Article 4 (3) of the former Enforcement Decree of the Act provides that if a period of domestic residence is more than one year over two taxable periods, it shall be deemed that a domestic residence has been established for not less than one year.

(A) The defendant asserts that the meaning of "two taxable periods" is two years counted retroactively from the date of transfer of the shares of this case, and that as of July 4, 2006, the date of the first transfer of the shares of this case to July 3, 2006, the period from July 2, 2004 to July 3, 2006, the date of stay in Korea is 405 days and thus, the plaintiff is a resident pursuant to Article 4 (3) of the former Enforcement Decree of the Act. However, Article 5 (1) of the former Act explicitly provides that "The taxable period shall be from January 1 to December 31, 200," and in principle, income tax adopts the calendar principle, and exceptionally, the taxable period from January 1 to December 31, 2006 shall be from January 2 to the date of death (Article 4 (2) of the former Enforcement Decree). Thus, the defendant's assertion that the taxable period from January 2 to July 31, 2006 can not be accepted.

(B) As seen earlier, the Plaintiff’s domestic stay days in 2004 are 235 days and 183 days, and the domestic stay days in 2005 are 183 days, so the Plaintiff is a resident under the above provision, and the Plaintiff is a resident under Article 4(3) of the former Enforcement Decree of the Act, and the Plaintiff is departing from the Republic of Korea on January 15, 2006 (Evidence 6).
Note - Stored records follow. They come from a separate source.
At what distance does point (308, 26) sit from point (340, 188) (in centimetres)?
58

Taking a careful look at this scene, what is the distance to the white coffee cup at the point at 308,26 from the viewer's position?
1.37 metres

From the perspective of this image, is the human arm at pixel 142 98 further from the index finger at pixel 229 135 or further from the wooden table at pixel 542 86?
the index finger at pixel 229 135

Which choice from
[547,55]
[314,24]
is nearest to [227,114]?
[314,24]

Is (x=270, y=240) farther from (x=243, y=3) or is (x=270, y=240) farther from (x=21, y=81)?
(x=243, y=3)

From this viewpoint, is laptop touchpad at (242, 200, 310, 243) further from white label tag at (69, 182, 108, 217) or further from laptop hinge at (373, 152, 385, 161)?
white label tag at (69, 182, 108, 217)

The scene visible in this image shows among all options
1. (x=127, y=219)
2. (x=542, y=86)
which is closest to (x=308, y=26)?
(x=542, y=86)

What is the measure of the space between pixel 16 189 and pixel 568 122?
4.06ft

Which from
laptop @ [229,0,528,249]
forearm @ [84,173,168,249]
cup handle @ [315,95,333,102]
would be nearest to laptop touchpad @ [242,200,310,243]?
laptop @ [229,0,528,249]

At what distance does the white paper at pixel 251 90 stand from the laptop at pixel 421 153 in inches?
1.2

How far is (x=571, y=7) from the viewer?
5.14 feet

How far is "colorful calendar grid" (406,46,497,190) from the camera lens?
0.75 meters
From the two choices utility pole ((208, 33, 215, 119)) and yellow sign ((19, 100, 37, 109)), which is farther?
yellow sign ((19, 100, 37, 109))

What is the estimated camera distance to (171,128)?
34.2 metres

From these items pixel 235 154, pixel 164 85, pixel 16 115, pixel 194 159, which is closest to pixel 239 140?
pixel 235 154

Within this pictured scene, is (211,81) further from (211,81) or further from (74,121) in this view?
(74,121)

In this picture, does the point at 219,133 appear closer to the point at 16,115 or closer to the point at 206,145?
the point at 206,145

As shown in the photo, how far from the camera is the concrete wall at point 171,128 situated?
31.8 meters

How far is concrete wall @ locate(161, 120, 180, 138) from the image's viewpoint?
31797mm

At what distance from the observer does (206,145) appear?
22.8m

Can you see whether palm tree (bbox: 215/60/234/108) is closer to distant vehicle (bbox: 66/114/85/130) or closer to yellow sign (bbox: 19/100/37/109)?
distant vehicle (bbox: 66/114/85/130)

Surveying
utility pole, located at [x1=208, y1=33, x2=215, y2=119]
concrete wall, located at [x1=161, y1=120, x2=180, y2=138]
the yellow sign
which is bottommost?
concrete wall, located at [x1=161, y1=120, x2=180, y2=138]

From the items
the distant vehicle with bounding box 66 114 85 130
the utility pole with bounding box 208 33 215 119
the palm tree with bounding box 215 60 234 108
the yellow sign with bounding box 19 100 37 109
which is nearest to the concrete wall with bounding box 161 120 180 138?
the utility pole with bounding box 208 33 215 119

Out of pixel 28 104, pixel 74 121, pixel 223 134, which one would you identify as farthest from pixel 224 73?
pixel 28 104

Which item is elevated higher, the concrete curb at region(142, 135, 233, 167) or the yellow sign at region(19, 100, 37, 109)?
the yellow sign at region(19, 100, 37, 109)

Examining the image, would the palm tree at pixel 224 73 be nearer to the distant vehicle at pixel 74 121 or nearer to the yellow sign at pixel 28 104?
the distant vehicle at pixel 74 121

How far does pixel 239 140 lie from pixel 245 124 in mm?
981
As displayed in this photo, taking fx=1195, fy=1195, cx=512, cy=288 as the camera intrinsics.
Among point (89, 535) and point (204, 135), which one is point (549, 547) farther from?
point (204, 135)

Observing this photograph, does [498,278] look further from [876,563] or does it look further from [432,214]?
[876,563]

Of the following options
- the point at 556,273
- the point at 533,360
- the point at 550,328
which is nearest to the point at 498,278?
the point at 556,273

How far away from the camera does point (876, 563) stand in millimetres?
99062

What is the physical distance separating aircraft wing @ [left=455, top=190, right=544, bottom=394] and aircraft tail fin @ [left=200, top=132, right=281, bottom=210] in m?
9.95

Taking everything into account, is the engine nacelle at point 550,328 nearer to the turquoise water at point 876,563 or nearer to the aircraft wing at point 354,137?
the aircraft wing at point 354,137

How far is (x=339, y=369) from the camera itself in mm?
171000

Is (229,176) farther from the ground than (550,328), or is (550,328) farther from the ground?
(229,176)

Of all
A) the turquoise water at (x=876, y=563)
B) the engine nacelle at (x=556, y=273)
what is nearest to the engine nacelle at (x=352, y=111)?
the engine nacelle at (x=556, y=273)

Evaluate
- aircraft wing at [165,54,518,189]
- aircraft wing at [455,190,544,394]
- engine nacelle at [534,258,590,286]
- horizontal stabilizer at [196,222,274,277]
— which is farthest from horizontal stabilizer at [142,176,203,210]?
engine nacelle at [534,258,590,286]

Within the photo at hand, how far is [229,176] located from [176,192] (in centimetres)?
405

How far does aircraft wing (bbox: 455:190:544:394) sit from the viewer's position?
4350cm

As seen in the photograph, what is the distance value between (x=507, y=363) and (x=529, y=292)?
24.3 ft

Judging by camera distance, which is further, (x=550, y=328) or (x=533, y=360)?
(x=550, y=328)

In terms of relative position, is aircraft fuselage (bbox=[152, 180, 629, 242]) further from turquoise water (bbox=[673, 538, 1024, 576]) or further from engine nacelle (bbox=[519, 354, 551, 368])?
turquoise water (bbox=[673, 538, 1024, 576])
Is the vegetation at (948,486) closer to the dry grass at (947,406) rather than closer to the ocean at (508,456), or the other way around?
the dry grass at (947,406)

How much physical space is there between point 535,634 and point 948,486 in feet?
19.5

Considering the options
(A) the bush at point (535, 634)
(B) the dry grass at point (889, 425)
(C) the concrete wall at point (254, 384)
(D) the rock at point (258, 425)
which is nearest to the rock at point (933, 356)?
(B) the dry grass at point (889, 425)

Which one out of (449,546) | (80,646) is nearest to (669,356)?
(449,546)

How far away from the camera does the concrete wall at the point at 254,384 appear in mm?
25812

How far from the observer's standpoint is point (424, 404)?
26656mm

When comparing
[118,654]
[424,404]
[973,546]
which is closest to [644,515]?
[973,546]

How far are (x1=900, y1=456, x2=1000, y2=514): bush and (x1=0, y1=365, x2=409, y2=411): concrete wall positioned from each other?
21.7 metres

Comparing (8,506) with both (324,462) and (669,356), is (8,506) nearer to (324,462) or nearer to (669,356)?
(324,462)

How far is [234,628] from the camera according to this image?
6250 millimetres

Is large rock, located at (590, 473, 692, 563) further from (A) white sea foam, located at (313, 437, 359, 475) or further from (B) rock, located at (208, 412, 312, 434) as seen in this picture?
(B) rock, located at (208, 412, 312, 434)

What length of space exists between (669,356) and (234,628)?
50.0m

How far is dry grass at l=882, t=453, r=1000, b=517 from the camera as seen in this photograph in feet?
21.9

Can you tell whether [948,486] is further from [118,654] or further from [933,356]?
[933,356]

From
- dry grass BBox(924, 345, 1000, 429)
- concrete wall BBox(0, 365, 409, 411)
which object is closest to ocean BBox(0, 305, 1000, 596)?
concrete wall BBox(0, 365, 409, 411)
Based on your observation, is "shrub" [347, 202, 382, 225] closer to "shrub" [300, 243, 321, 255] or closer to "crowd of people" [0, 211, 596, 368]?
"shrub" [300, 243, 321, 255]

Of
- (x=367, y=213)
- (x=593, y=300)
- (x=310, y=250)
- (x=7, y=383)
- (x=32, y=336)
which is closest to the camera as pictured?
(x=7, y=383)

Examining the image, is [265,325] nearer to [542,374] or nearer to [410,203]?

The plaintiff's domestic stay days in the whole year of 2006 is 181 days and includes 2005 and 2006, and the domestic residence period is 364 days during the two taxable periods, so it does not fall under the case of more than one year over two taxable periods, and the above provision does not apply to this case.

(3) Whether Article 2(3)2 of the former Enforcement Decree of the Act is applied

According to Article 2 (3) 2 of the former Enforcement Decree of the Act, when an individual residing within one year has a family living together in the Republic of Korea and is deemed to have a domicile in the Republic of Korea for at least one year in view of his occupation and asset status. As shown in the facts acknowledged earlier, the plaintiff owned a high-priced house in Seongbuk-gu Seoul, Seongbuk-gu, and resides in the above Seongbuk-dong house like his wife at the time of his stay in Korea, and both the plaintiff and wife's nationality are 244 days in 2004 and 205 days in 206 in 2006, the number of stay days in the Republic of Korea is 2 years in 192 days in 206, and the plaintiff's disposition should be deemed to have a legitimate domicile in the Republic of Korea for at least two years in 192 days in 206 in addition to the above Sungbuk-dong house at the time of transfer of the shares in this case, considering the fact that the plaintiff has a high-priced golf club in Korea and other domestic activities of the plaintiff.

3. Conclusion

The plaintiff's claim is dismissed for lack of reason.